Let’s recap what you must remember about Enum:

  1. It parses any numeric values even they are not part of the Enum, see dotnetfiddle.
    Enum.Parse<CountryCode>("007") // returns 7
    Enum.IsDefined(Enum.Parse<CountryCode>("007")) // returns false
    
  2. It parses both values and names of the Enum, see dotnetfiddle. There is no way to control this.
    Enum.Parse<CountryCode>("DK") // returns DK
    Enum.Parse<CountryCode>("10") // returns DK
    Enum.IsDefined(Enum.Parse<CountryCode>("DK")) // returns true
    Enum.IsDefined(Enum.Parse<CountryCode>("10")) // returns true
    

Pitfalls apply to System.Text.Json

If I implement Parse using System.Text.Json and run the tests, it will behave like the very first version of Parse. Meaning, JsonSerializer.Deserialize inherits those 2 pitfalls as well. Be careful!
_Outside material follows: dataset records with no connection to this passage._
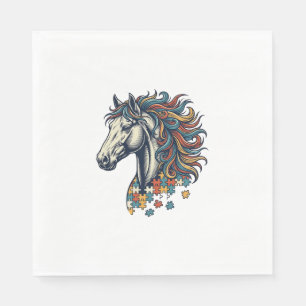 Serviette En Papier Pièce de puzzle de cheval coloré T-Shirt gravure v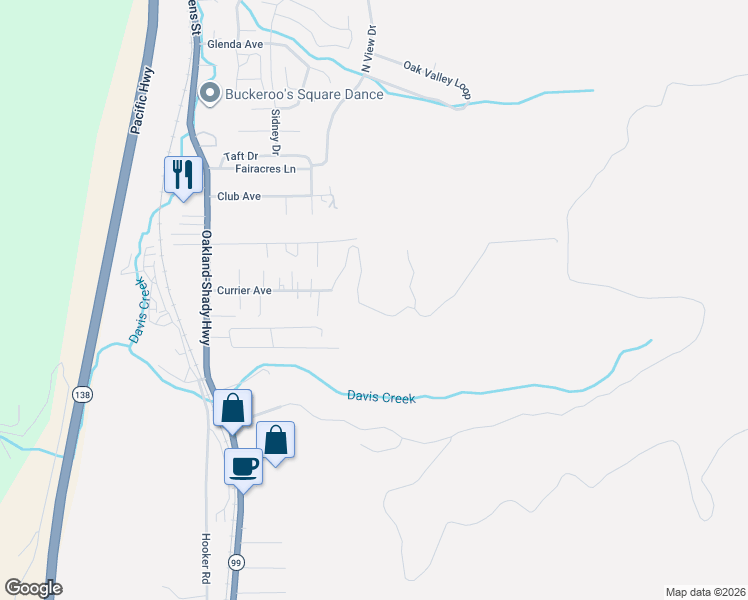 map of restaurants, bars, coffee shops, grocery stores, and more near 470 Ryan Heights Lane in Roseburg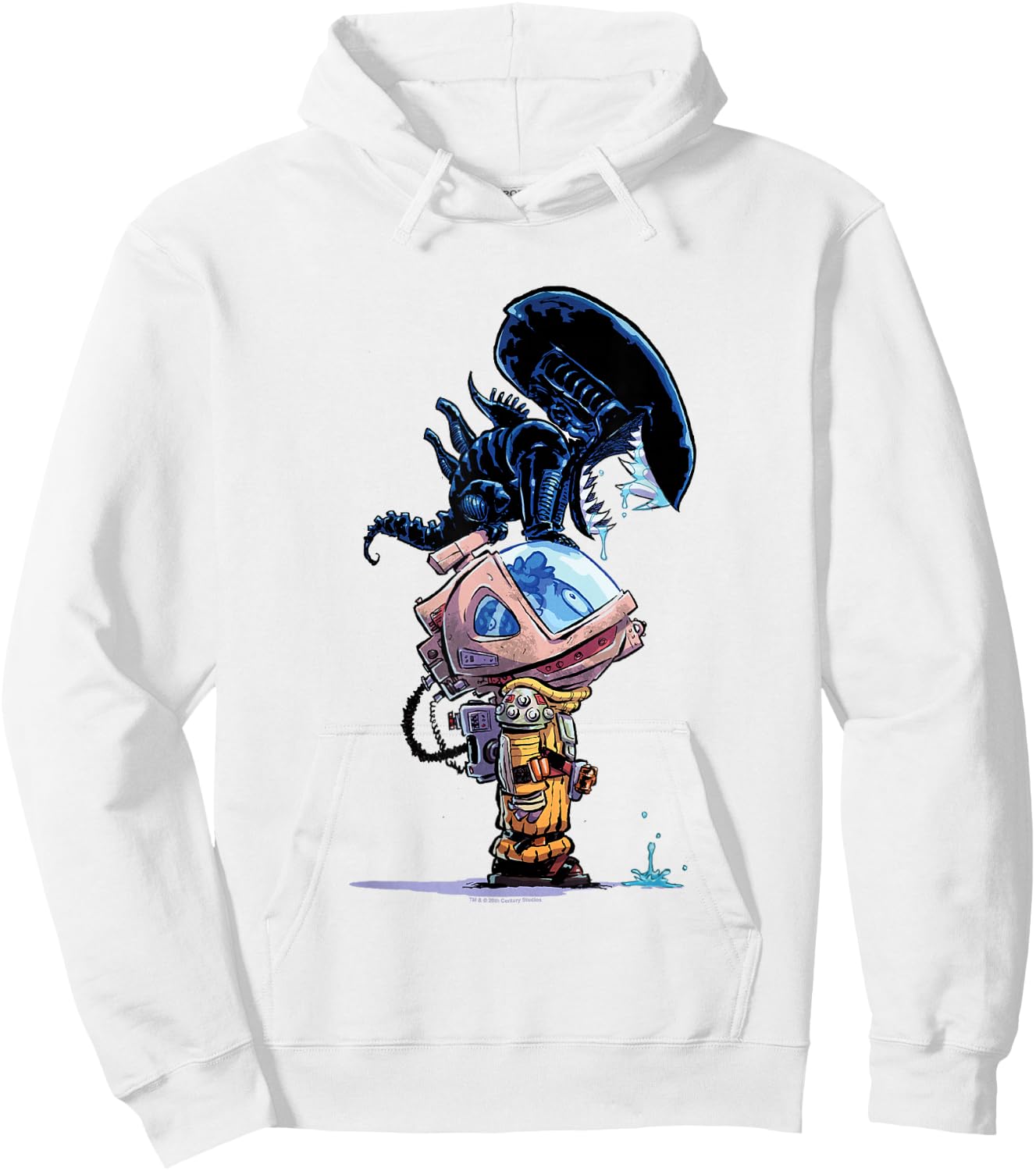 Aliens Cute Animated Xenomorph Big Chest Chibi Poster Hoodie - Hoodie | White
public static CountryCode Parse(string twoLetterCode)
{
    var options = new JsonSerializerOptions
    {
        Converters = { new JsonStringEnumConverter() }
    };
    var json = JsonSerializer.Serialize(twoLetterCode);
    return JsonSerializer.Deserialize<CountryCode>(json, options);
}

Solution

Because of the lack of a built-in way to parse by names only, let’s make it.

public static CountryCode Parse(string twoLetterCode)
{
    return Enum
        .GetValues<CountryCode>()
        .FirstOrDefault(val => Enum.GetName(val) == twoLetterCode);
}

Or this version which is more memory efficient.

public static CountryCode Parse(string twoLetterCode)
{
    var valueByName = EnumCache<CountryCode>.ValueByName;
    if (valueByName.TryGetValue(twoLetterCode, out var countryCode))
        return countryCode;

    return CountryCode.Undefined;
}

public class EnumCache<TEnum> where TEnum : struct, Enum
{
    public static readonly Dictionary<string, TEnum> ValueByName
        = Enum.GetValues<TEnum>().ToDictionary(Enum.GetName);
}

Tests are green, we are done. I could not find an easy way how to change the behavior for System.Text.Json.

By the way, you could scream: Hey man, why do you use invalid VAT numbers?. Shhh. Quiet! Let’s keep it a secret :)

As always, you can find the listed code in Gaev.Blog.Examples.EnumParsePitfall.